Today I’m going to cover the new Azure DNS Private Resolver feature that recently went into public preview. I’ve written extensively about Azure DNS in the past and I recommend reading through that series if you’re new to the platform. It has grown to be significantly important in Azure architectures due to its role in name resolution for Private Endpoints. A common pain point for customers using Private Endpoints from on-premises is the requirement to have a VM in Azure capable of acting as a DNS proxy. This is explained in detail in this post. The Azure DNS Private Resolver seeks to ease that pain by providing a managed DNS solution capable of acting as a DNS proxy and conditional forwarder facilitating hybrid DNS resolution (for those of you coming from AWS, this is Azure’s Route 53 Resolver). Alexis Plantin beat me to the punch and put together a great write-up on the basics of the feature so my focus instead be on some additional scenarios and a pattern that I tested and validated.
I’m a big fan of keeping infrastructure services such as DNS centralized and under the management of central IT. This is one reason I’m partial to a landing zone with a dedicated shared services virtual network attached to the transit virtual network as illustrated in the image below. In this shared services virtual network you put your DNS, patching/update infrastructure, and potentially identity services such as Windows Active Directory. The virtual network and its resources can then be dropped into a dedicated subscription and locked down to central IT. Additionally, as an added bonus, keeping the transit virtual network dedicated to firewalls and virtual network gateways makes the eventual migration to Azure Virtual WAN that must easier.

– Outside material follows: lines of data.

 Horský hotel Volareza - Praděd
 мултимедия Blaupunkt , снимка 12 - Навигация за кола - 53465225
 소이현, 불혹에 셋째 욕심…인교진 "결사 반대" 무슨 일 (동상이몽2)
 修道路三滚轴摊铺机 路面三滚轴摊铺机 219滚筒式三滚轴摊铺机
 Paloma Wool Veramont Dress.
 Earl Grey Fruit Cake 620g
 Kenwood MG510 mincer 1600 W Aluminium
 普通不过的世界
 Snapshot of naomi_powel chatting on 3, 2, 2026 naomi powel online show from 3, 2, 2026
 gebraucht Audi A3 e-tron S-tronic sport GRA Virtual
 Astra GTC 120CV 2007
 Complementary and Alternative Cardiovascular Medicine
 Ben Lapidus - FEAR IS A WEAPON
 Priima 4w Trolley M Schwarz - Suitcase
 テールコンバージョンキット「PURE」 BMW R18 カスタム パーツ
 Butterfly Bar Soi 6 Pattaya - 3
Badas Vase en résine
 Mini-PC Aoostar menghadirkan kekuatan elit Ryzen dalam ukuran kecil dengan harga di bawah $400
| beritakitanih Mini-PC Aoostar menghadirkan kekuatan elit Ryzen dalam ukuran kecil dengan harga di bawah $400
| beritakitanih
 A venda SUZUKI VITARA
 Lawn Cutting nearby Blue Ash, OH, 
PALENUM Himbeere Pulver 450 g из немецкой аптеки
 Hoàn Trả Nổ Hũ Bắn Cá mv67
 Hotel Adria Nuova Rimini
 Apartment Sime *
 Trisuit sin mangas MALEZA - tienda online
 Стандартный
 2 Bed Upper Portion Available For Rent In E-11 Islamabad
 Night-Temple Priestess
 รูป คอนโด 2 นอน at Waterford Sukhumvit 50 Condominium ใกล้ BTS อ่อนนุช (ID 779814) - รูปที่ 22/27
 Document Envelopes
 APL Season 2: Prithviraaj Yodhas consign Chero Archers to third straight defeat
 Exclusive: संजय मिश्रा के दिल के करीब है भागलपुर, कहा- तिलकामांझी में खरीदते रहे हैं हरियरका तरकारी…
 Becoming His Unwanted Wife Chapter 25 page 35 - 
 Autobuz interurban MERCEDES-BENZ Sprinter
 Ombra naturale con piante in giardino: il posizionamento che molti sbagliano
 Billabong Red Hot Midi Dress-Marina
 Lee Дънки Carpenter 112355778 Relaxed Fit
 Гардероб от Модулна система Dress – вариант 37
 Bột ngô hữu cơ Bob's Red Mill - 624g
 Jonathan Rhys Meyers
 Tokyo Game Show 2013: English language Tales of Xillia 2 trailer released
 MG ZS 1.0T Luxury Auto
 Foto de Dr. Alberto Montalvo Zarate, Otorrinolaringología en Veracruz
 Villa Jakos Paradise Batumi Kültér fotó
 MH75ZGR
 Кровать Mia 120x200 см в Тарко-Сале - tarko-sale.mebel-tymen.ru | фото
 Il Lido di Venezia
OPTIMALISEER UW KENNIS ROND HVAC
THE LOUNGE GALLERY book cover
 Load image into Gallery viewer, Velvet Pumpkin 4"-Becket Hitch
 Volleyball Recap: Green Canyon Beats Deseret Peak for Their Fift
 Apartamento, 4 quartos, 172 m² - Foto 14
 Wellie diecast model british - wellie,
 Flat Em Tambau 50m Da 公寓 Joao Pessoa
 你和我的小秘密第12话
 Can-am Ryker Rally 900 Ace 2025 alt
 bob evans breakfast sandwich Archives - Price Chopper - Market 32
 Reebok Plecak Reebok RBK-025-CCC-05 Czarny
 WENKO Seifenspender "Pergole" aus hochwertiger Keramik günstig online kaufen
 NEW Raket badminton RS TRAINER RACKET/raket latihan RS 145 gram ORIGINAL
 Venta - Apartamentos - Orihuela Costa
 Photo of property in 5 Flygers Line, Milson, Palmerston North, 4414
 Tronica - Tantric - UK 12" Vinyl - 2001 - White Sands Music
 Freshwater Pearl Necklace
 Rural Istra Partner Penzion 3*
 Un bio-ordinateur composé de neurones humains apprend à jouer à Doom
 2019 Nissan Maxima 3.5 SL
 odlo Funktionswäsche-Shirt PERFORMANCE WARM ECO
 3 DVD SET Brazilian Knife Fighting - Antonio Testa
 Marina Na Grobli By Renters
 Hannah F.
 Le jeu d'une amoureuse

The design I had in mind would place the Private Resolver in the shared services virtual network and would funnel all traffic to and from the resolver and on-premises or another spoke through the firewall in the transit virtual network. This way I could control the conversation, inspect the traffic if needed, and centrally log it. The lab environment I built to test the design is pictured below.
The first question I had was whether or not the inbound endpoint would obey the user defined routes in the custom route table I associated with the inbound endpoint subnet. To test this theory I made a DNS query from the VM running in spoke 2 to resolve an A record in a Private DNS Zone. This Private DNS Zone was only linked to the virtual network where the Private Resolvers were. If the inbound endpoint wasn’t capable of obeying the custom routes, then the return traffic would be dropped and my query would fail.
Success! The inbound endpoint is returning traffic back through the firewall. Logs on the firewall confirm the traffic flowing through.
Next I wanted to see if traffic from the outbound endpoint would obey the custom routes. To test this, I configured a DNS forwarding rule (conditional forwarding component of the service) to send all DNS queries for jogcloud.com back to the domain controller running in my lab. I then performed a DNS query from the VM running in spoke 2.
Success again as the query was answered! The traffic from the outbound endpoint is seen traversing the firewall on its way to my domain controller on-premises. This confirmed that both the inbound and outbound endpoints obey custom routing making the design I presented above viable.
Beyond the above, I also confirmed the Private Resolver is capable of resolving reverse lookup zones (for PTR records). I was happy to see reverse zones weren’t forgotten.
One noticeable gap today is the Private Resolver does not yet offer DNS query logging. If that is important to you, you may want to retain your existing DNS Proxy. If you happen to be using Azure Firewall, you could make use of the DNS Proxy feature which allows for logging of DNS queries. Azure Firewall could then be configured to use the Private Resolver as its resolver providing that conditional forward capability Azure Firewall’s DNS Proxy feature lacks.